Tutorial 18: I2S Receiver, part three

Clocking

Until now, we have just been using the sck signal, which is sent by the I2S master. This has kept things simple, but is probably not what we want to do in real life.

Inside an FPGA, there may be tens of thousands (or even hundreds of thousands) of flip-flops all running off a single clock. The clock has to arrive at each of those flip-flops at pretty much exactly the same time. By “pretty much exactly”, I mean down-to-the-nanosecond exactly. The FPGA achieves this by using special clock distribution networks within the FPGA. There’s a finite number of these networks– really, only a handful. So, it’s kind of a big deal to make a signal a clock. In addition, multiple clocks increase the complexity of the static timing analysis which needs to occur when synthesizing the device. This can lead to subtle bugs in the design. In short, you really want to minimize the number of clocks in a design.

But what can we do? The I2S interface uses a clock. Doesn’t that mean we need to use that clock signal? Not really. The sck signal is really pretty slow in reality. Normally it is 48 times the audio sample rate, which is, at most, 48KHz. That is 2.3MHz. Maybe in a crazy world where you have 32 bit samples and a 96KHz sample rate you might get it up to the blazing speed of 6.144MHz.
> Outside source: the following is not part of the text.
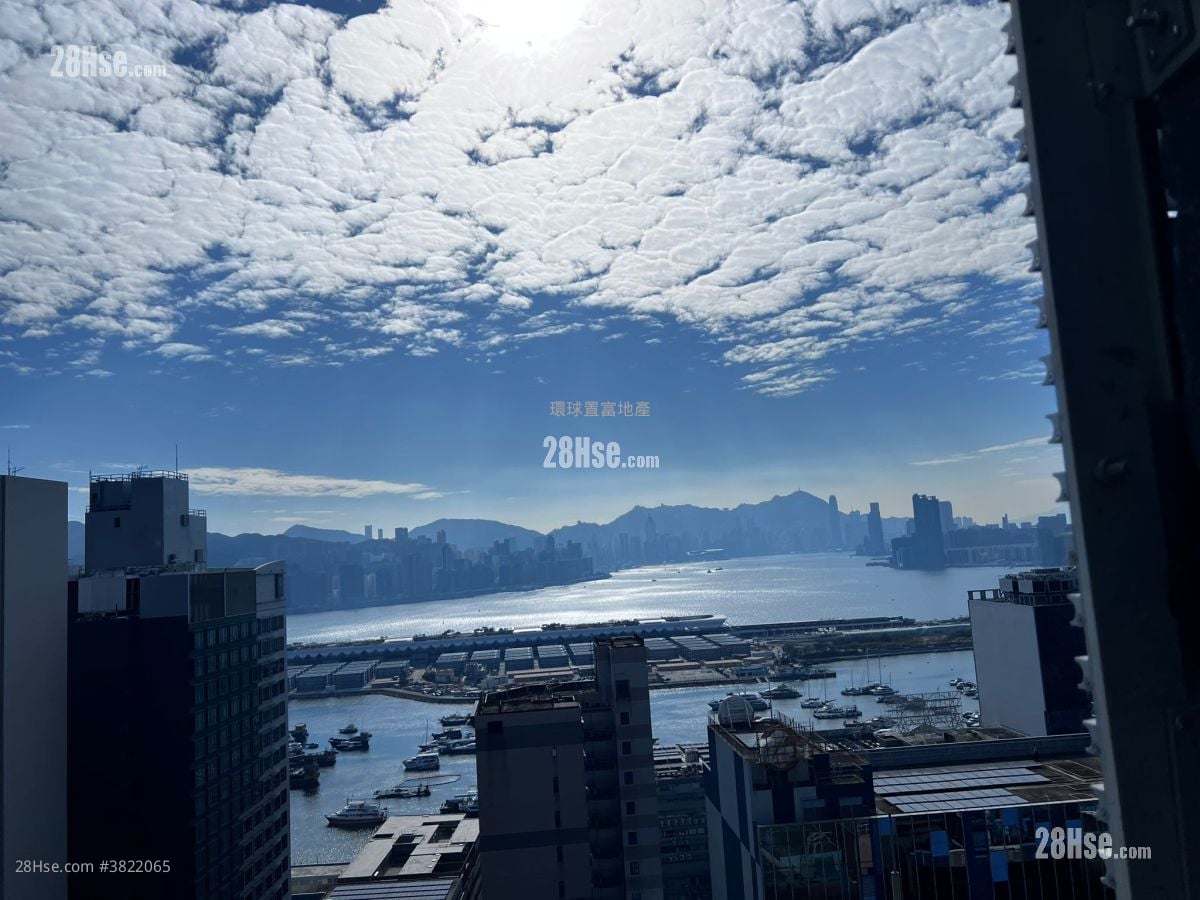 晶苑集团大厦 租盘 5,000 平方尺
Not really all that fast, by FPGA standards.

SCK edge detect circuit

SCK edge detect circuit

We can fix this by sampling the sck signal with a much faster FPGA clock. This will be more convenient for us to use. Since sck is an asynchronous signal, it is critical that it only go to one flip-flop in our design. If sck went to two flip-flops, if it rose at the same time as clk, it might get clocked in to one flip-flop but not the other. The circuit shown to the right safely samples the sck signal and produces two signals in the clk clock domain which pulse whenever sck rises or falls.
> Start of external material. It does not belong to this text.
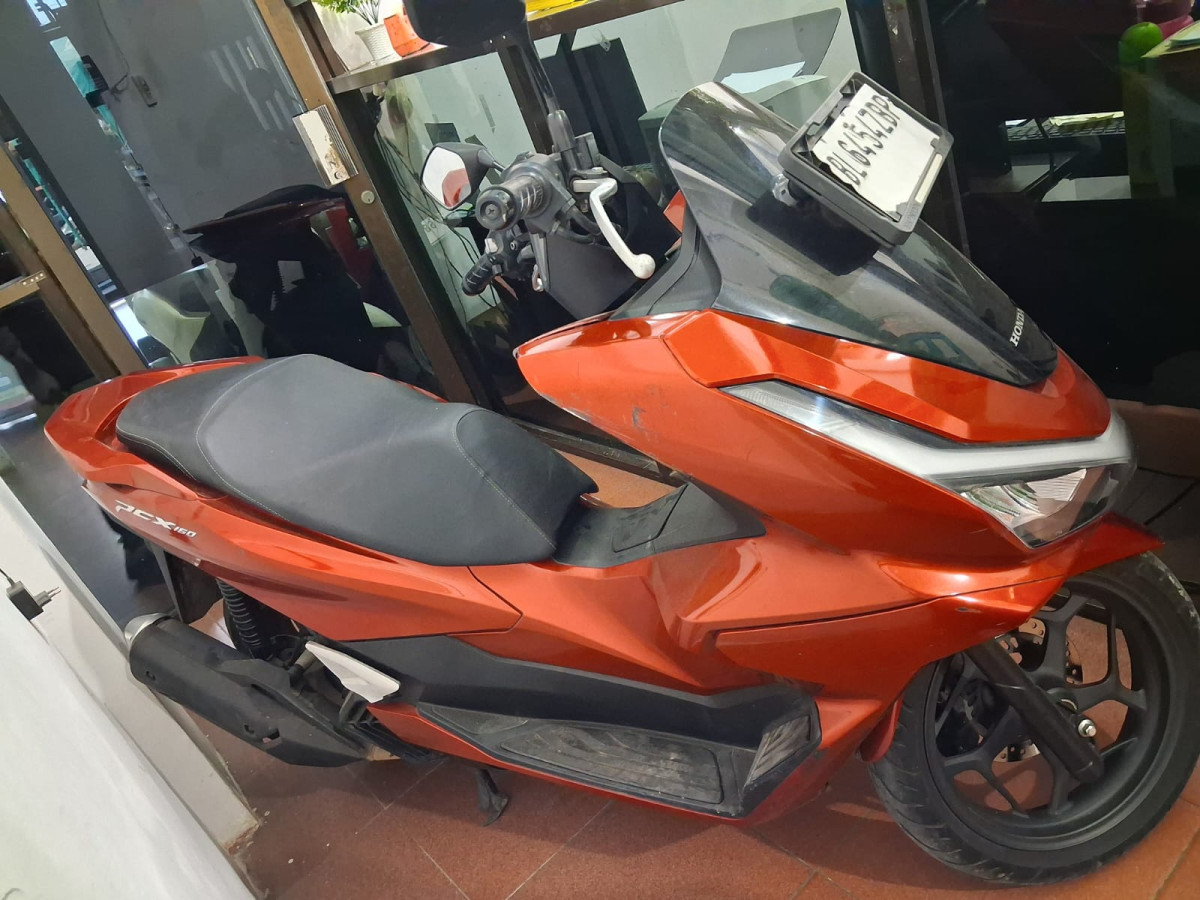 HONDA PCX 160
We can now use those signals as enables to condition the always blocks we had before. In other words, we used to have this always block:

always @(posedge sck)
  wsd <= ws;

We could now use this one:

always @(posedge clk)
  if (sck_rise) wsd <= ws;

As long as our new clock clk is more than twice as fast as sck, the logic will still work.

Files

Here is the test for this version of the receiver.
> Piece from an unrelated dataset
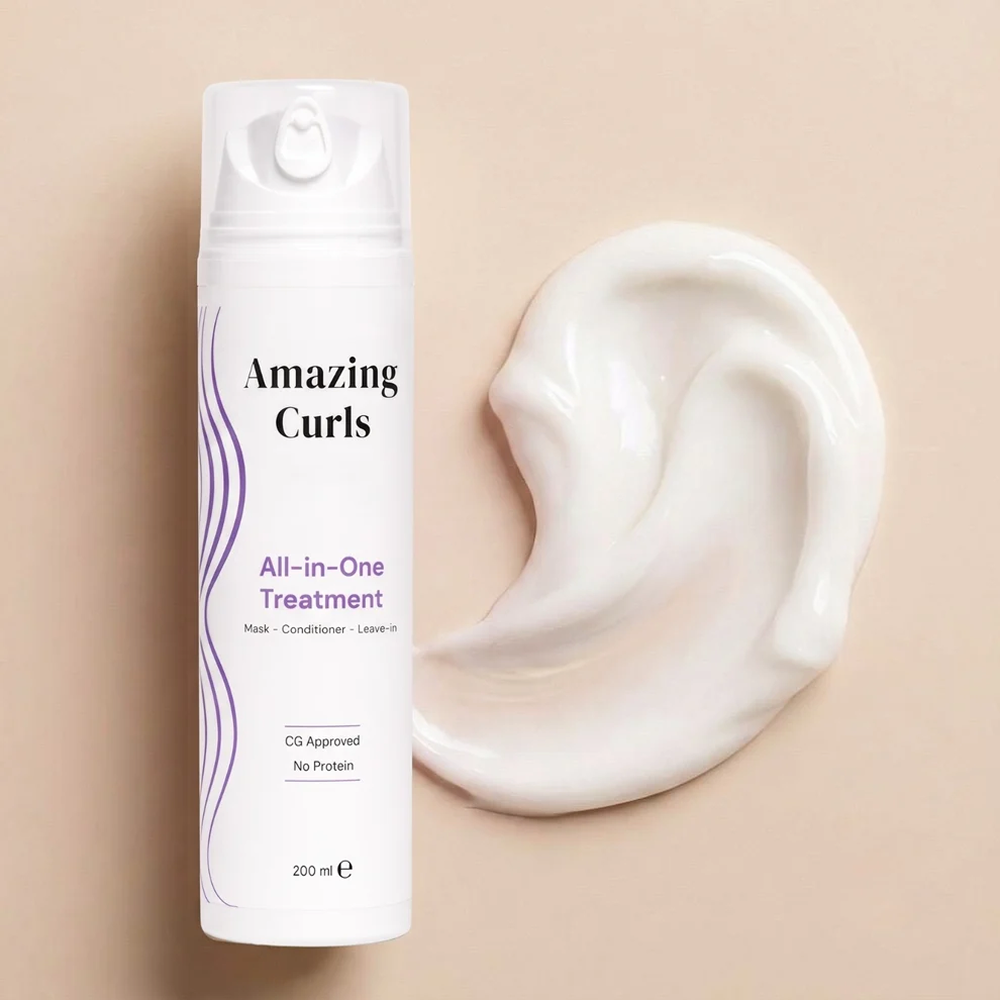 Amazing Curls Trio Pack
In our next tutorial, we will add an AXI4 Streaming interface, so we can use our block in the Vivado IP Integrator tool.

9 thoughts on “Tutorial 18: I2S Receiver, part three

  1. Hi Pete,
    Implemented the clock sync change without incident. While the data rate is slow, if pushed faster, one could de-skew the data from the clock by adding.
    reg sdd;
    always @(posedge clk)
    sdd<=sd; // delay sd by one clk to remove 10ns skew

    data_word[i] <= sdd; // where appropriate in code

    The word select is (data word length)x slower so deskew could never make sense here.
    Agree?
    Eric

  2. Yes, if you know that the data is stable when clock is changing you could do this. You would also need to do the same with the strobe signal.

  3. Hi Pete,

    Are there any relationships between the clk and sck? How many clocks in the system? Is the clk/sck rate fixed? You calculated sck speed based on the sample rate. So it seems it varies. How to determine which clock to use and what rate it should be? You did mention that sck is slower than clk.

    Thanks,

    Susan

  4. The assumption is that clk is enough faster than sck to make the system work. There is no phase relationship between the two clocks. With the intended design the sck signal is really no longer a clock. It is a data input that is sampled on the rising edge of clk. Your new circuit should look for a rising edge on sck with the circuit shown in the figure and then use the resulting sck_rise and sck_fall signals as enables for the flip-flops that used to be clocked on sck.

  5. Wrong solution. I realize that this is just a tutorial and is not designated for real audio use, but nevertheless, you insert an uncontrolled amount of jitter using asynchronous clocks – you may miss an edge, and the signal skews in time or even a sample is lost.
    Good boys use MCLK. 🙂

  6. I’m no audio expert so you shouldn’t rely too much on my design. But I don’t understand why the jitter on the data would matter. As long as you maintain proper setup and hold times on the data with respect to clock why does jitter on the data matter?

  7. Look at my post above. You may miss or misplace an edge, moving the data in time. This is what audiophiles call The Horrible And Monstrous Jitter.
    It’s audible, seriously.
    And mclk nowadays is 22.579/24.576Mhz (tending to double), so it’s really better to establish one more clock domain.